Scholars of the future might look back on our time and say that humanity had the power to save it’s past. As we enter into the digital age, there is an assumption that any historical document that is not digitized runs the risk of being lost to history forever. Through the process of uploading documents, we preserve forever the story of the past. But digital storage is not without its risks. Servers and hard drives run the risk of malfunction. The other argument on digitization is access. It can not be disputed that uploading documents increases their accessibility.
In a perfect world, everything is brought into the Digital Age. Cost hinders this and politics decides who comes onto the boat. The first solution is to streamline the process of digitizing. This, when looked at the history of the task is not easy.
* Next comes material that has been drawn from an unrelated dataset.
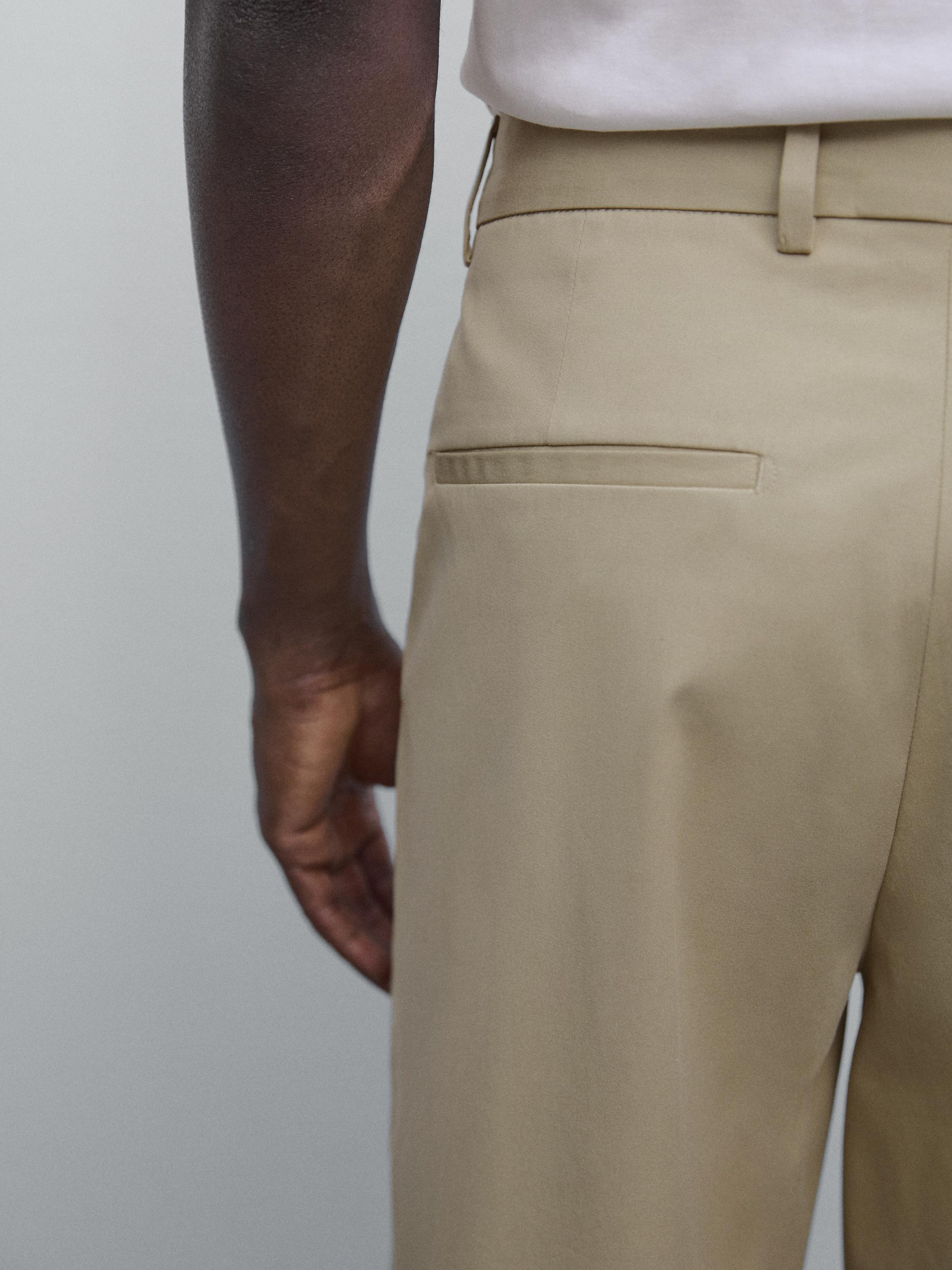 Pantalon relaxed fit à pinces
In Amy E. Earheart’s piece “Can Information be Unfetted”, we see a field of work dominated by the patchwork method. The process is divided by scholars on a mission and somewhat larger institutions that are willing to pour resources into the task. Much of the process must be facilitated by hand. Opening dusty old boxes, prepping them into a machine and finally classifying their content. Cost comes mainly from this labor intensive process. We must recognize the cultural value of this information and supply the necessary resources it deserves.
One solution would be to have government come in and accept the responsibility of preserving the past. This would eliminate the patchwork approach and possibly create a more democratic formula in preserving the past. In addition, by having one entity preserve the past, we create a uniform approach to what can be seen as the wild west.